By Megann Phillips
Dr. Carol Johnston (left) and Dr. Karen Sweazea pose for a portrait in the Arizona Biomedical Collaborative Building, Monday, Dec. 1, 2014 in downtown Phoenix. Dr. Johnston and Dr. Sweazea work in a lab to produce testing materials for their research on type 2 diabetes. (Photo by Tynin Fries)
Although American Diabetes Month officially came to a close last week, diabetes patients should be aware about their health year-round.
Almost 30 million people in the United States were suffering from diabetes in 2012, according to American Diabetes Association statistics, and ASU nutrition program director Carol Johnston said the prevalence of the disease would continue to increase with each passing year.
“We expect that the incidence of diabetes is going to rise because of the high obesity incidence,” Johnston said. “We also think it’s going to be occurring at younger ages.”
Johnston studies the effects of diet choices on diabetic health, and has collected quantitative evidence to support the benefits of drinking vinegar before eating on controlling blood sugar spikes.
Johnston obtained these results by observing the effects of consuming a vinegar drink before meals twice daily on the health of a number of diabetes patients.
After eating a meal that consisted of a large bagel and juice, diabetics who consumed vinegar before the meal saw a 40 percent decrease in postprandial glucose.
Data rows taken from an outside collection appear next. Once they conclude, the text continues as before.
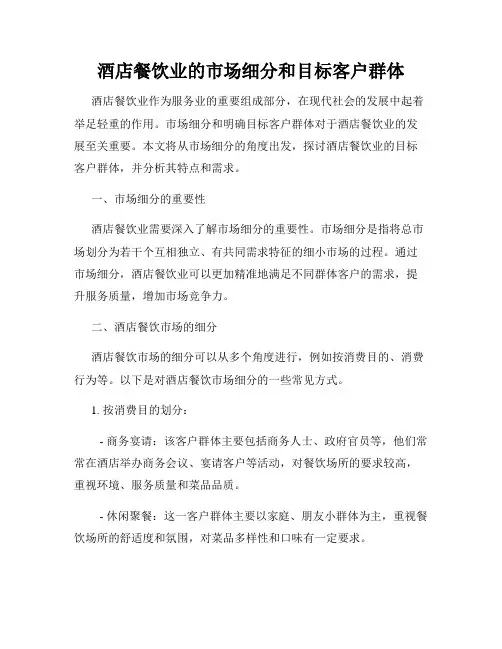 酒店餐饮业的市场细分和目标客户群体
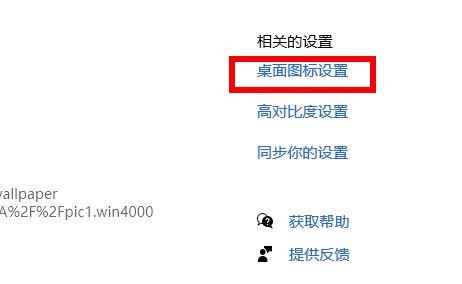 win11桌面没有我的电脑图标怎么办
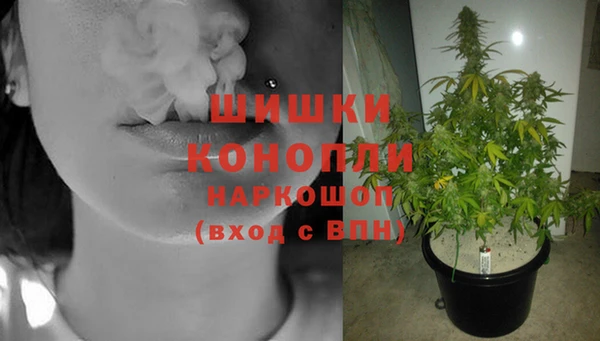 кокаин премиум Наволоки
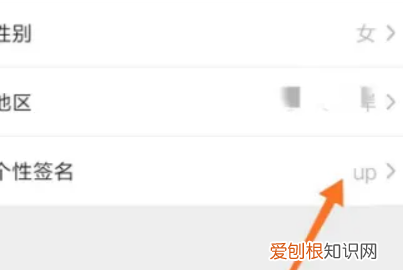 朋友圈签名怎么换行,朋友圈怎么改个性签名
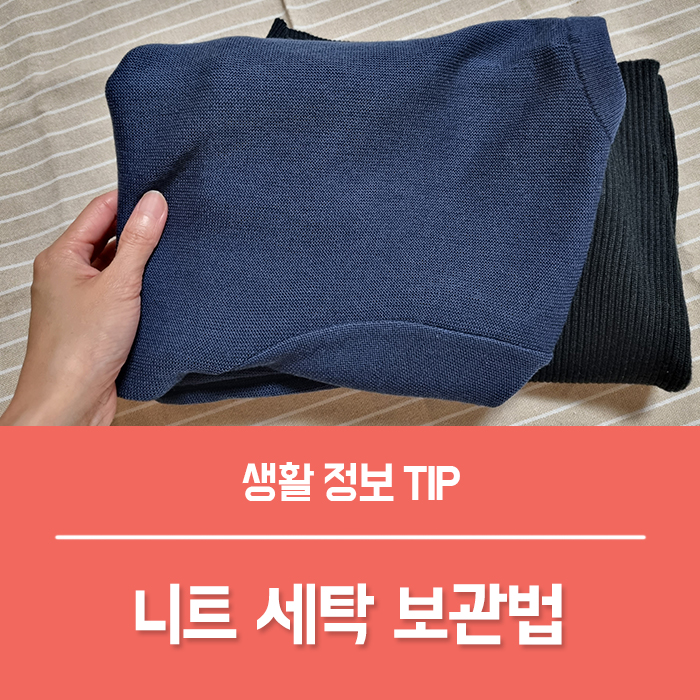  니트 세탁 빨래 보관법, 니트 세탁기 세탁법 정리, 옷걸이 건조기 사용 주의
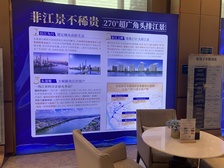 松湖悦龙台 4室1厅 西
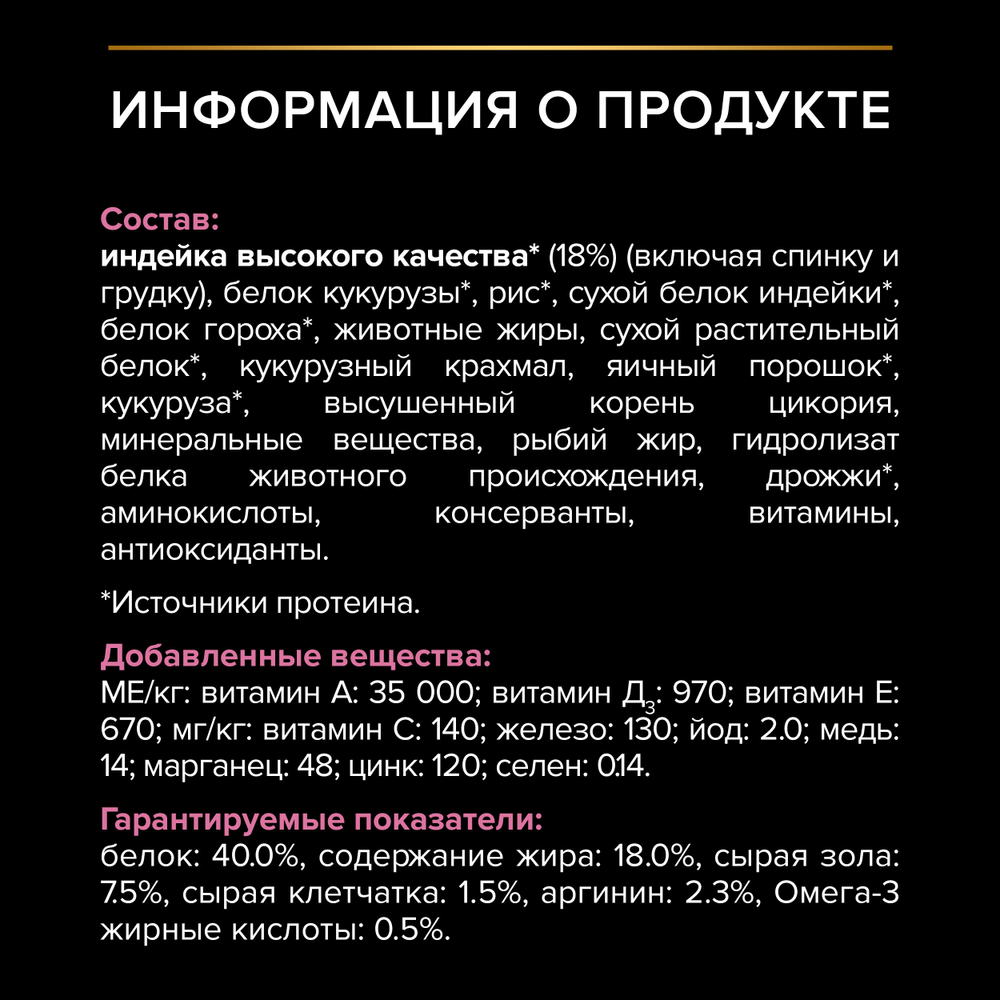 Сухой корм PRO PLAN DELICATE DIGESTION для взрослых кошек с чувствительным пищеварением индейка 400 г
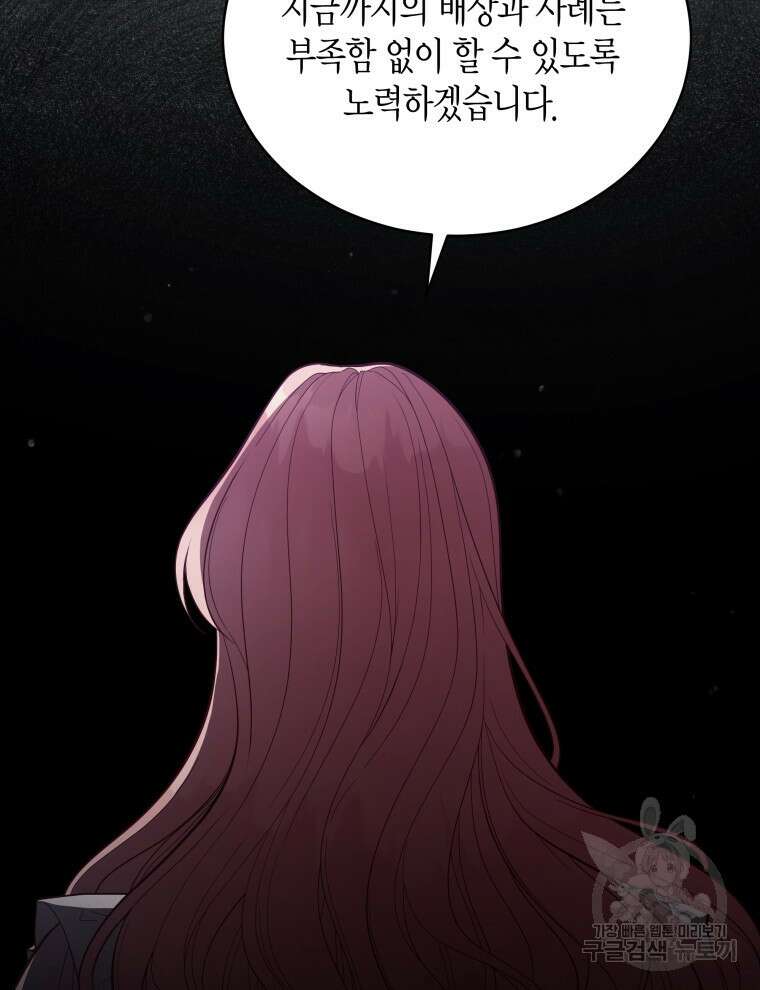 접근 불가 레이디 98화 73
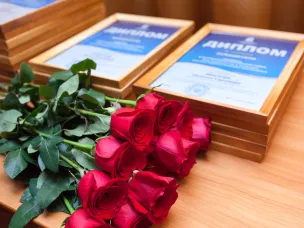 О чествовании лучших работников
In other words, she found that it lowered their post-meal blood sugar significantly.
She also found that the vinegar had a lasting positive effect on the fasting glucose levels diabetes patients.
“If you can reduce the amount of glucose that’s in your bloodstream, that’s just going to help slow the progression of the disease,” Johnston said. “The vinegar is not a cure-all. It’s not going to cure diabetes; it’s just one of the tools a diabetic should use to help manage (their disease).”
She said pre-meal vinegar consumption is easily implemented in everyday life and recommend diabetics eat homemade vinaigrette dressing—two parts vinegar, one part oil — on a salad before diving into their main course at dinner.
Assistant professor of nutrition Karen Sweazea has also conducted research on the benefits of diet choices on diabetic health, but she chose to focus on the inflammation-reducing properties of almonds.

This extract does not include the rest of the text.